C. TENIR COMPTE DES NOMBREUSES SIMPLIFICATIONS DÉJÀ INTERVENUES

Un des préalables méthodologiques aux travaux de vos rapporteurs a été d'établir un recensement des mesures de simplification décidées au cours des dernières années. Elles sont nombreuses, mais parfois méconnues - ce qui est un premier motif pour en rappeler l'existence. Par ailleurs, plusieurs de ces mesures ont constitué un socle pour les propositions de simplification qui seront présentées dans la seconde partie de ce rapport. C'est notamment vrai pour les propositions relatives au contentieux de l'urbanisme, qui s'inscrivent dans le prolongement de la réforme dite Labetoulle. Un bilan de ces simplifications figure en annexe 4. En effet, l'un des enjeux de la politique de simplification est de ne pas concentrer la communication sur des effets d'annonces de dispositions à simplifier mais d'informer davantage les acteurs locaux et économiques sur les simplifications réalisées. Certaines d'entre elles sont présentées très succinctement ci-après.

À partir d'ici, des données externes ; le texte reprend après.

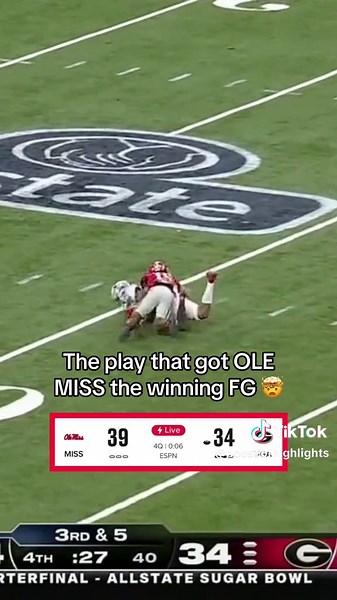 Ole Miss vs Georgia: Dramatic Ending Play Updates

1. Une réforme récente du contentieux de l'urbanisme

L'ordonnance n° 2013-638 du 18 juillet 2013 et le décret n° 2013-879 du 1 er octobre 2013 relatifs au contentieux de l'urbanisme ont introduit plusieurs avancées, notamment :

- la cristallisation des moyens . Introduite à la demande d'une des parties, elle donne au juge la possibilité de fixer une date à compter de laquelle aucun moyen nouveau (sauf s'il est d'ordre public) ne peut être discuté ;

- la possibilité de régularisation . L'ordonnance « Labetoulle » introduit deux mécanismes de régularisation : la régularisation post instance qui autorise le juge administratif à prononcer une annulation partielle de l'autorisation d'urbanisme attaquée et à fixer un délai de régularisation par permis modificatif de la partie annulée ; la régularisation en cours d'instance qui permet au juge administratif d'organiser la régularisation du permis de construire attaqué, par délivrance d'un permis de construire modificatif, en cours d'instance ;

- la suppression de l'appel pour certains contentieux . Les tribunaux administratifs ont, jusqu'en 2018, compétence pour connaître en premier et dernier ressort, sous réserve de cassation au Conseil d'État, du contentieux relatif aux permis de construire, de démolir, d'aménager un lotissement, dans les zones où existe une situation de forte tension entre l'offre et la demande de logements.

L'ordonnance comprend également un dispositif de lutte contre les recours abusifs, recours dont l'objectif n'est autre que de ralentir les procédures, voire de monnayer tout simplement un désistement. Ce dispositif ouvre la possibilité, pour un justiciable dont le permis est attaqué, de demander, par un mémoire distinct, réparation du préjudice causé par ce contentieux à la double condition que le recours excède la défense des intérêts légitimes du requérant et, au surplus, que le préjudice afférent puisse être considéré comme excessif par le juge.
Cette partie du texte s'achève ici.